Better coverage, more coverage than what either medicare, and medicaid 'provide'.

So the reality is no the government does not want to provide anything that works, because if the did they would put themselves out of a job.

So they provide job security for themselves by writing trash laws that were not needed like the ACA.

Point of fact both Medicare, and Medicaid were created SPECIFICALLY for those who 'fall between the cracks' as they say.

If there was any 'uninsured' people left in this country it was the US government was doing the discriminating.
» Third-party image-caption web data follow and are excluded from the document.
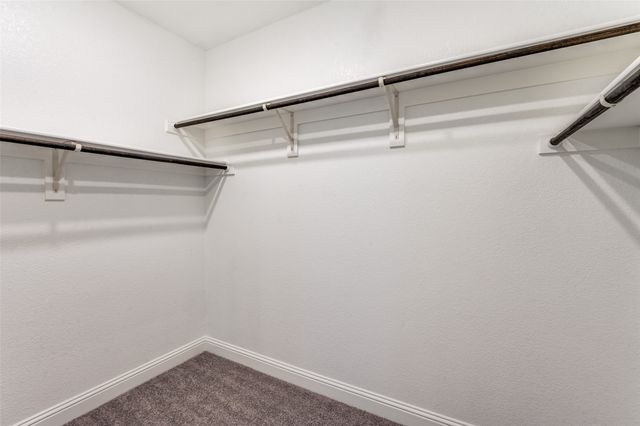 1515 Jackson Street, Carrollton, TX 75006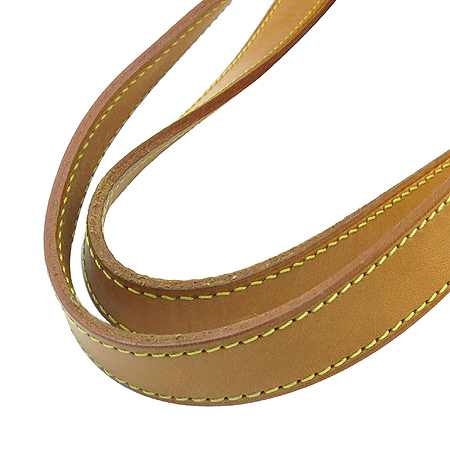 Louis Vuitton(���̺���) M93507 ���׷� ������ ���ٹ��� ������ ����� �̹���6 - ���̺��� �߰���ǰ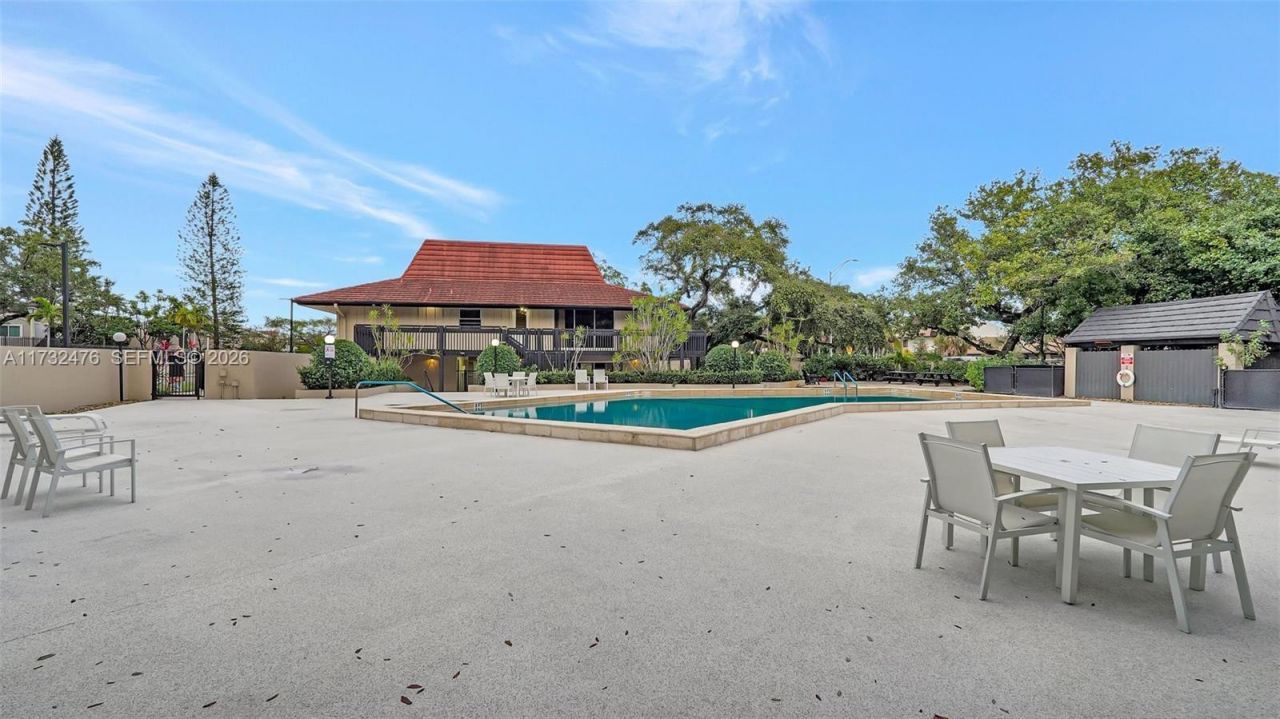 481 Ives Dairy Rd, Unit 105-4, Miami, FL 33179 Photo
But of course under the Reagan administration a little know law was passed called the EMTLA



he Emergency Medical Treatment and Active Labor Act (EMTALA)[1] is an act of the United States Congress, passed in 1986 as part of the Consolidated Omnibus Budget Reconciliation Act (COBRA). It requires hospitals to provide emergency health care treatment to anyone needing it regardless of citizenship, legal status, or ability to pay


en.wikipedia.org...

So when they say people were dying in the streets because they didn't have health insurance they were lying.

When people say the ACA is suppose to make healthcare 'cheaper' they were lying simply because anything government does is a cluster eff, and can be basically summed up as 'everyone is using it, hardly anyone paying for it'.

The only thing they want to is destroy the 'free market'.